■ WHAT YOU ARE ASKED TO DO
Would you please transcribe, exactly as written, the lines of the entries below starting at the one that holds "Pygopus steelescotti" and ending at the one that holds "Mendoza vineyards", both included?

■ DATA IN THIS EXERCISE
*** Block opens ***

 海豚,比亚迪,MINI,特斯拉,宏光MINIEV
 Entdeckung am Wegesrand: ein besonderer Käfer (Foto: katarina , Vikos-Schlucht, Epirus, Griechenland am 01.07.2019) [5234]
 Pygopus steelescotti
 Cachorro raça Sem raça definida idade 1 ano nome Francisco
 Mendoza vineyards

*** Block closes ***
*** Block opens ***

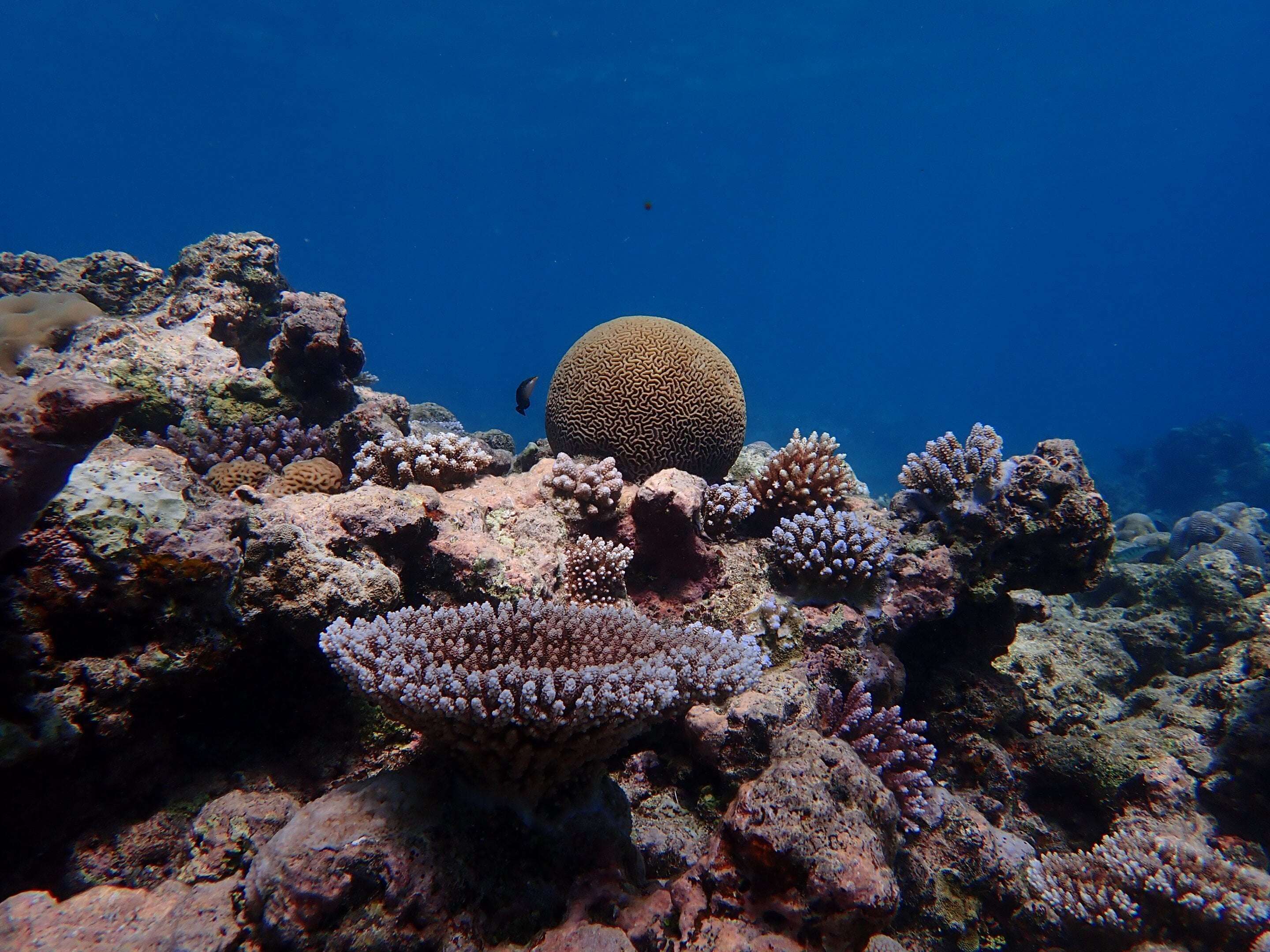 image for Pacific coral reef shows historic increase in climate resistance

*** Block closes ***

■ TASK RESPONSE
 Pygopus steelescotti
 Cachorro raça Sem raça definida idade 1 ano nome Francisco
 Mendoza vineyards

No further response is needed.